官术网_书友最值得收藏!

Standalone mode

For standalone mode, you only need to place a compiled version of Spark on each node of the cluster. All the cluster nodes need to be able to resolve the hostnames of the other cluster members and are routable to one another. The Spark master URL can be configured in the $SPARK_HOME/conf/spark-defaults.conf file on all of the nodes:

spark.master                     spark://<master_hostname_or_IP>:7077

Then, the hostname or IP address of the Spark master node needs to be specified in the $SPARK_HOME/conf/spark-env.sh file on all of the nodes, as follows:

SPARK_MASTER_HOST,               <master_hostname_or_IP>

It is now possible to start a standalone master server by executing the following script:

$SPARK_HOME/sbin/start-master.sh

Once the master has completed, a web UI will be available at the http://<master_hostname_or_IP>:8080 URL. From there, it is possible to obtain the master URL that's to be used when starting the workers. One or more workers can now be started by executing the following script:

$SPARK_HOME/sbin/start-slave.sh <master-spark-URL>

Each worker, after the start, comes with its own web UI, whose URL is http://<worker_hostname_or_IP>:8081.

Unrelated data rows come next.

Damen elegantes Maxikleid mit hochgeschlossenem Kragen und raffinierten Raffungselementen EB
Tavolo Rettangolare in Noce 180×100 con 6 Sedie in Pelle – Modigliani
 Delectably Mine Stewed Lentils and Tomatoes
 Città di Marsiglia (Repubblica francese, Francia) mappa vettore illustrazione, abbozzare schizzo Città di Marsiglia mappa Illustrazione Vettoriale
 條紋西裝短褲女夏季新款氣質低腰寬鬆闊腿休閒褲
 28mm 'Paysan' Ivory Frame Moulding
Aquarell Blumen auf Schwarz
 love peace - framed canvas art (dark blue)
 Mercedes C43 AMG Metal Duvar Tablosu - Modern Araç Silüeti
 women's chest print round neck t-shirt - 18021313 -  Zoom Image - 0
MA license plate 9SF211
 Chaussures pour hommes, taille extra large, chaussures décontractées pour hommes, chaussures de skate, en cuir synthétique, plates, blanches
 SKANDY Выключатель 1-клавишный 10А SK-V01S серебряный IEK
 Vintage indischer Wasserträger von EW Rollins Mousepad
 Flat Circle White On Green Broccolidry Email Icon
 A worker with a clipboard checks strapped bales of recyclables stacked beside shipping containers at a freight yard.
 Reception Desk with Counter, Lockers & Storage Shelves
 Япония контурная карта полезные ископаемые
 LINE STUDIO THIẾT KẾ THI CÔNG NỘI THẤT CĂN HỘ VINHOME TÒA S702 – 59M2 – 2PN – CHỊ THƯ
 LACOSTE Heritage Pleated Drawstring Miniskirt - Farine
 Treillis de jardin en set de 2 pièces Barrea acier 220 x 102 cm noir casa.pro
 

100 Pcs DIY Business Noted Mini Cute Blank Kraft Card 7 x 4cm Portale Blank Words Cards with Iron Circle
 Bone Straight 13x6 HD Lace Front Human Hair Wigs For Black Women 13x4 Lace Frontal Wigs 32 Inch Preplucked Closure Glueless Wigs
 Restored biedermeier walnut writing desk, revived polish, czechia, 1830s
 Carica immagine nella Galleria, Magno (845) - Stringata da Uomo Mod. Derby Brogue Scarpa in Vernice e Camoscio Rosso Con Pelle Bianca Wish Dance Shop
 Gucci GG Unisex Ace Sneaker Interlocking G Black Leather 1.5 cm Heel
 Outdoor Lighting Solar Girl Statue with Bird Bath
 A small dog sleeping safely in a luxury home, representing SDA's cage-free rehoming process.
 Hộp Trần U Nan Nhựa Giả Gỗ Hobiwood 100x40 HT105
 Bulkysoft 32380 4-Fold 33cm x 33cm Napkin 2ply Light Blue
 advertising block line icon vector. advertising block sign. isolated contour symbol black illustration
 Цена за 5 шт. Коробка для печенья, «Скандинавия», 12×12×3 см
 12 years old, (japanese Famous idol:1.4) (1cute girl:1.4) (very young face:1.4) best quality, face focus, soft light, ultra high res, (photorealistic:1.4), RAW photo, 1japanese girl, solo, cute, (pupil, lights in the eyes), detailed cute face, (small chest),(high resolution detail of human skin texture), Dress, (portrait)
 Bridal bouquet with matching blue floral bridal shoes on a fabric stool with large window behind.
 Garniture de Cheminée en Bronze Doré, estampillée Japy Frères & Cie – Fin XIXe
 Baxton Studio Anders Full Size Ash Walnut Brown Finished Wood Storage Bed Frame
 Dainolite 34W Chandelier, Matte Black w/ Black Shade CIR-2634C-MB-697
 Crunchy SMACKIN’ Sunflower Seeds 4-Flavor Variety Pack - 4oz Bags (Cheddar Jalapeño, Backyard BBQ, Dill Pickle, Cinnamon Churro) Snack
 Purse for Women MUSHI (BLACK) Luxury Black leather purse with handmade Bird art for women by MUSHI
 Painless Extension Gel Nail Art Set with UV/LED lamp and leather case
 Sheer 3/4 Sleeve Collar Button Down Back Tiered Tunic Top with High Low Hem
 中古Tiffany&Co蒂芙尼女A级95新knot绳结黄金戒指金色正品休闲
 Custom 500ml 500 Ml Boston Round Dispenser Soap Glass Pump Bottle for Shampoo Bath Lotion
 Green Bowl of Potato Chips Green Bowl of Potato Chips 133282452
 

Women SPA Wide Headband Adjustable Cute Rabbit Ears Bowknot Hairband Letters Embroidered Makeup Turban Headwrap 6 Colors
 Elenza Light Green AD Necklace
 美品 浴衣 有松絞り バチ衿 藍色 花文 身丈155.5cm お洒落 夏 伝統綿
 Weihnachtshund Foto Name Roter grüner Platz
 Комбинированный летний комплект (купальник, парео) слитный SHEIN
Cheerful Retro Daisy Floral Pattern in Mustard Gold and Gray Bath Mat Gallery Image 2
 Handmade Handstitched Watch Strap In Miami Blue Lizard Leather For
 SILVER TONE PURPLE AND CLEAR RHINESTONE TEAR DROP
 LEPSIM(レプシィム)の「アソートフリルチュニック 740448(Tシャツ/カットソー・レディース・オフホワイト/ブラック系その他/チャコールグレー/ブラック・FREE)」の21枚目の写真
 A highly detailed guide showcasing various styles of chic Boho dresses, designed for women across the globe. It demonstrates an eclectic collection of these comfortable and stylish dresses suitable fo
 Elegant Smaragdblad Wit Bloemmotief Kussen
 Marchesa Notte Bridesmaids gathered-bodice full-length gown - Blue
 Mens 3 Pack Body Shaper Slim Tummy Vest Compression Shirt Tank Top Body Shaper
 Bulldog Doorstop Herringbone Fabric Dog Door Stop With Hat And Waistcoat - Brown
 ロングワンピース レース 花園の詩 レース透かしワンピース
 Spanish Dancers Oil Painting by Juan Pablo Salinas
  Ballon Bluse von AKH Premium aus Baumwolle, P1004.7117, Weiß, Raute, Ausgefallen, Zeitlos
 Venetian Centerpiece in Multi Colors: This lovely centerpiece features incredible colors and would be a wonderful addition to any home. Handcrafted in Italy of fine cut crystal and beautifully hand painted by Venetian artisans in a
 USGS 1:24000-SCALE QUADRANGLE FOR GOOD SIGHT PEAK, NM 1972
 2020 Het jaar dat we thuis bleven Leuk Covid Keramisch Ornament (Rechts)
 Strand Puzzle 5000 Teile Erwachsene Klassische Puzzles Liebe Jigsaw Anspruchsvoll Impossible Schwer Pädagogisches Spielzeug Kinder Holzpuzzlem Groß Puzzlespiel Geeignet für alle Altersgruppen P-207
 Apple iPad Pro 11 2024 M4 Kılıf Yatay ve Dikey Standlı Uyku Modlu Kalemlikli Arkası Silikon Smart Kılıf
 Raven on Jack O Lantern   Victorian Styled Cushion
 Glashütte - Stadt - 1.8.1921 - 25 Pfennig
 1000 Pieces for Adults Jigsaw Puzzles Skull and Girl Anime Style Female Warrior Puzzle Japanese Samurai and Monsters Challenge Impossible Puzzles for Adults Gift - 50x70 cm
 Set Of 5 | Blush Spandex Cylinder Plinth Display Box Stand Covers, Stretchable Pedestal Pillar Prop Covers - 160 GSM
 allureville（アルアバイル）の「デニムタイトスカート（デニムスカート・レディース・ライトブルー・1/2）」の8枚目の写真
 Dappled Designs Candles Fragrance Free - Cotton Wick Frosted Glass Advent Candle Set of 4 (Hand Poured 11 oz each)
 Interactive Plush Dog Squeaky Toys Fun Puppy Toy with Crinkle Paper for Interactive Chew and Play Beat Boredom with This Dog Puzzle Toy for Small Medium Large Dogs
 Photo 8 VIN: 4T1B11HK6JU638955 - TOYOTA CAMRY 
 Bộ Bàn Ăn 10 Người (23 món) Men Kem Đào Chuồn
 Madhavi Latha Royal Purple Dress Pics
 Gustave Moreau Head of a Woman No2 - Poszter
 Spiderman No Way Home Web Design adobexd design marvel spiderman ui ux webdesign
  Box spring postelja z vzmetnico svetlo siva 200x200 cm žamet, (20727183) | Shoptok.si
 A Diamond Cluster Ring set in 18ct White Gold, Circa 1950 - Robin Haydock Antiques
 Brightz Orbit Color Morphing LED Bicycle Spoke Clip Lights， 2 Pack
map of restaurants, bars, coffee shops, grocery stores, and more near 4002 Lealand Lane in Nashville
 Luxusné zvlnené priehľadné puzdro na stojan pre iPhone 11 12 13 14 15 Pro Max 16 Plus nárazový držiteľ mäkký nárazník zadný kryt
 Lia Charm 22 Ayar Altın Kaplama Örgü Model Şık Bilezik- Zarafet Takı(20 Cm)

The list of workers, along with other information about their number of CPUs and memory, can be found in the master's web UI.

The way to do this is to run a standalone cluster manually. It is also possible to use the provided launch scripts. A $SPARK_HOME/conf/slaves file needs to be created as a preliminary step. It must contain the hostnames  one per line  of all of the machines where the Spark workers should start. Passwordless SSH (short for Secure Shell) for the Spark master to the Spark slaves needs to be enabled to allow remote login for the slave daemon startup and shutdown actions. A cluster can then be launched or stopped using the following shell scripts, which are available in the $SPARK_HOME/sbin directory:

  • start-master.sh: Starts a master instance
  • start-slaves.sh: Starts a slave instance on each machine specified in the conf/slaves file
  • start-slave.sh: Starts a single slave instance
  • start-all.sh: Starts both a master and a number of slaves
  • stop-master.sh: Stops a master that has been started via the sbin/start-master.sh script
  • stop-slaves.sh: Stops all slave instances on the nodes specified in the conf/slaves file
  • stop-all.sh: Stops both a master and its slaves

These scripts must be executed on the machine the Spark master will run on.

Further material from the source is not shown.